İçmek, yıkanmak, temizlenmek, bulaşık, çamaşır yıkamak ve yemek yapmak için sadece 25 litre...
25 litre su ne demek? İlk bakışta çok gibi görünse de aslında günlük hayatımızda çok küçük bir nokta... Bakın;
- Duş almaya başladığınız ilk dakikada akan su,
- Diş fırçalarken iki dakika açık bıraktığınız musluktan akan su,
- Temizlik yaparken kullandığınız ortalama iki kova su,
- İki kere sifon çekmek,
- Sekiz kiloluk çamaşır makinesinin kullandığı suyun sadece yarısı...
Kısacası bu konuda durumun ciddiyetinin farkına varıp, bugün önlem almamız gerekiyor.
Yoksa yarın çok geç olacak.
Su ayak izi nedir?
Su ayak izi bu konuda önemli kavramlardan biri... Ben de Türk Hijyen ve Deneysel Biyoloji Dergisi’nde okuduğum, Türkiye’nin Su Ayak İzi Değerlendirmesi makalesinden bazı bilgileri sizlerle paylaşmak istedim.
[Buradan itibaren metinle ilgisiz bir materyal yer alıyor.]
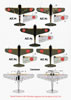 Life Like Decals 1/48 scale Ki-43 Part 2 Decal Review by Rodger Kelly: Image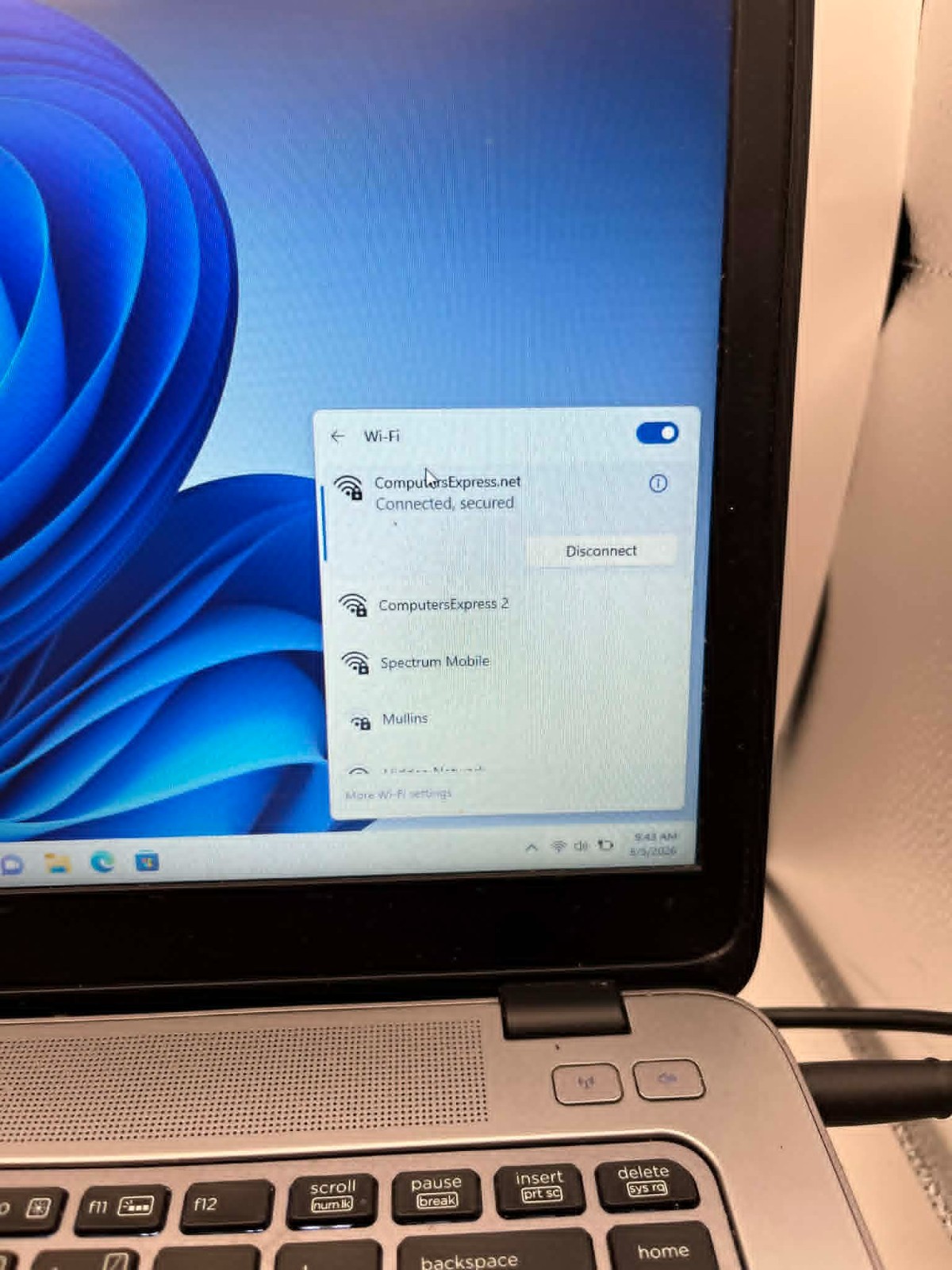 HP EliteBook| Windows 11 |i5-5300U|8GB|500GB|Backlit| YEAR WARRANTY |New Battery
Su ayak izi kavramı, ilk olarak Hollanda’daki Twente Üniversitesi ile Su Ayak İzi Ağı (Water Footprint Network-WFN) tarafından geliştirilmiştir. Su ayak izi; ham maddenin işlenmesinden, doğrudan operasyonlara ve tüketicinin ürünü kullanmasına kadar geçen tüm süreci kapsar.
Su ayak izini aslında bir ürünün veya hizmetin üretilmesi için gereken tatlı su miktarının tedarik zinciri boyunca ölçümü olarak da düşünebilirsiniz. Yani hesaplanmasında o ürün için kullanılan doğrudan ve dolaylı su kullanımını dikkate alır.
Su ayak izi, birim zamanda harcanan (buharlaşma dahil) ve/veya kirletilen su miktarıyla ölçülür. Mavi, yeşil ve gri su ayak izi; su ayak izinde su kullanımını ve kalitesini temsil eden üç bileşendir.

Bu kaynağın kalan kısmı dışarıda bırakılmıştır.